There are two forms of drainage – surface or subsurface. Surface drainage collects and redirects the excess water that is on the surface of the ground. It is used to catch rainfall before it causes damage and direct it elsewhere. Spoon drains are shallow channels that are generally made from concrete and can be installed around the garden to redirect this excess water to other parts of the garden or to inlets for subsoil drainage systems. Large paved or concreted entertainment areas use spoon drains covered by a small grille which then directs the water to a stormwater system. However, another option is to direct the water to a specially-built rain garden, preventing the water from entering the stormwater system and potentially polluting waterways.
Subsurface drainage systems are buried beneath the surface of the soil. They can be installed in new or existing gardens. Subsurface drainage is commonly used in grassed areas and it must be used behind all retaining walls. Specially designed pipes are used to collect and move the excess water away. Trenches need to have a slight angle in order for the water to flow in one direction towards an outlet system. Subsurface drainage systems commonly use geotextile fabrics around the pipes in order to stop soil and other particles from blocking the drains.
Land drainage works by providing an open conduit for groundwater to follow to a point where it can be disposed of. Dispersal drains lead to a dispersal area or leach field. The disposal point – a soakaway, leach field or manhole, or connection to the stormwater system is always at the lowest point of the system. This is because water will always flow downhill.
The type of drainage that you choose will depend on how severe your drainage issues are. If you have excess surface water, this may be able to be controlled by shaping the garden surfaces so that the water flows into ditches. Ditches should be 0.9-1.2m deep, with sloping sides. A soakaway is another solution. The soakaway is simply a large hole at the lowest point of the garden filled with rubble or broken bricks and then covered with 300mm of soil. To have the intended effect, the soakaway will have to be quite large- up to 1.8m deep and the same across. You will not always have to run underground pipes to a soakaway but if the land does not have enough slope to drain into the soakaway, piping will be required.

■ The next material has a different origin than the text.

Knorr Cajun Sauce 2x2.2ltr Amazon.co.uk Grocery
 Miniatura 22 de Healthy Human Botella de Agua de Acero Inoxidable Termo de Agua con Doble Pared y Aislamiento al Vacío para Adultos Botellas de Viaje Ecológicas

Modern plastic drainage pipes are made from crush-resistant moulded plastic, usually covered in a geotextile fabric that stops the system from becoming clogged with sediment. The pipes come in lengths up to 15m long, which can be laid into a trench and surrounded by gravel. If a large area needs draining, it is most efficient to lay the pipes in a herringbone pattern. Underground pipes should always be laid above the water table otherwise the pipes will be moving groundwater instead of draining excess surface water. If you have level ground, ensure that you lay the pipes with some slope so that water drains away quickly.